The airborne layer is also being adapted to maritime missions. GIDS showcased a maritime variant of the Shahpar‑III UAS at PIMEC 2025; Quwa reported it has a redesigned front fuselage, a miniature synthetic aperture radar (SAR), an ESM suite with ELINT capability, sonobuoy pods, and lightweight ASW torpedoes. Quwa suggested the Shahpar‑III maritime variant could operate in concert with AUVs — providing wide‑area surveillance and sonobuoy deployment while AUVs perform focused sub‑surface survey and mapping.
Foreign suppliers, partnerships, and industrial capacity
Quwa’s reporting emphasizes that the PN’s AUV track is not being pursued in isolation from foreign suppliers. Türkiye’s STM has marketed the NETA AUV and displayed it alongside the STM500 submarine; given STM’s existing relationship with the PN, Quwa positioned STM’s systems as potential complementary solutions. Dearsan of Türkiye has also promoted sub‑surface options to the PN, Quwa reported.
Germany’s Atlas Elektronik — already a supplier of the ISUS‑100 sonar and the DM2A4 torpedo to the PN via the Agosta 90B mid‑life upgrade — offers the SeaCat family of UUVs designed for MCM and ISR. Damen, Fincantieri and Turkey’s ASFAT A.Ş. are engaged through the Pakistan Maritime Science and Technology Park (PMSTP), a facility intended to support naval technology development. Quwa concluded foreign assistance could enable Pakistan to develop larger AUV and extra‑large UUV (XLUUV) designs beyond the Israr’s coastal survey scope.
Operational concepts: MCM, seabed mapping, harbour security, and manned‑unmanned teaming
Quwa identified four primary operational concepts the PN appears to be shaping for AUV employment in its littoral environment: mine countermeasures (route survey and minefield mapping in approaches to Karachi and Gwadar); ISR and seabed mapping (pre‑conflict surveys along the Makran coast and approaches to naval bases); harbour and infrastructure security (autonomous patrols around piers, submarine pens, undersea cables and Gwadar port); and manned‑unmanned teaming (deploying AUVs from Hangor‑class submarines or from the planned SWATS to extend sensor reach).
Quwa observed the PN’s current AUV track focuses on coastal ISR and MCM, while expressing confidence the PN will pursue larger, deeper‑diving designs — potentially XLUUV‑class platforms or AUVs with greater pressure resistance — to support submarine‑deployed operations.

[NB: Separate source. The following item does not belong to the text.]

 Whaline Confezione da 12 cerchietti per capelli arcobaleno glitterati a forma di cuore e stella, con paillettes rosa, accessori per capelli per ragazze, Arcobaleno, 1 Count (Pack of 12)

What this means for technologists, procurement leaders, and naval commanders
- Technologists and defence firms: expect demand for interoperable autonomy, DVL/GPS navigation solutions, side‑scan sonar integration and battery endurance improvements for coastal missions; larger payload and pressure‑resistant designs would be the next technical frontier.
- Procurement leaders and policymakers: the critical constraint Quwa identified is industrial capacity — decisions will pivot between scaling an indigenous small AUV fleet and selectively procuring larger foreign AUVs or XLUUVs to meet submarine‑deployed requirements.
- Naval commanders and planners: short‑term gains are likely in persistent harbour security and ISR from small AUVs; the more ambitious manned‑unmanned teaming concepts will depend on larger platforms, deployment mechanisms and vetted operational doctrines.
The Pakistan Navy’s AUV program is young and modular: an indigenous prototype for coastal work, a cluster of domestic USV efforts, airborne sensors converted for maritime use, and foreign vendors circling to offer larger solutions. The immediate reality is data collection and harbour surveillance; the broader ambition — deeper, submarine‑deployable AUVs and XLUUVs — will test Pakistan’s industrial and acquisition choices in the years ahead.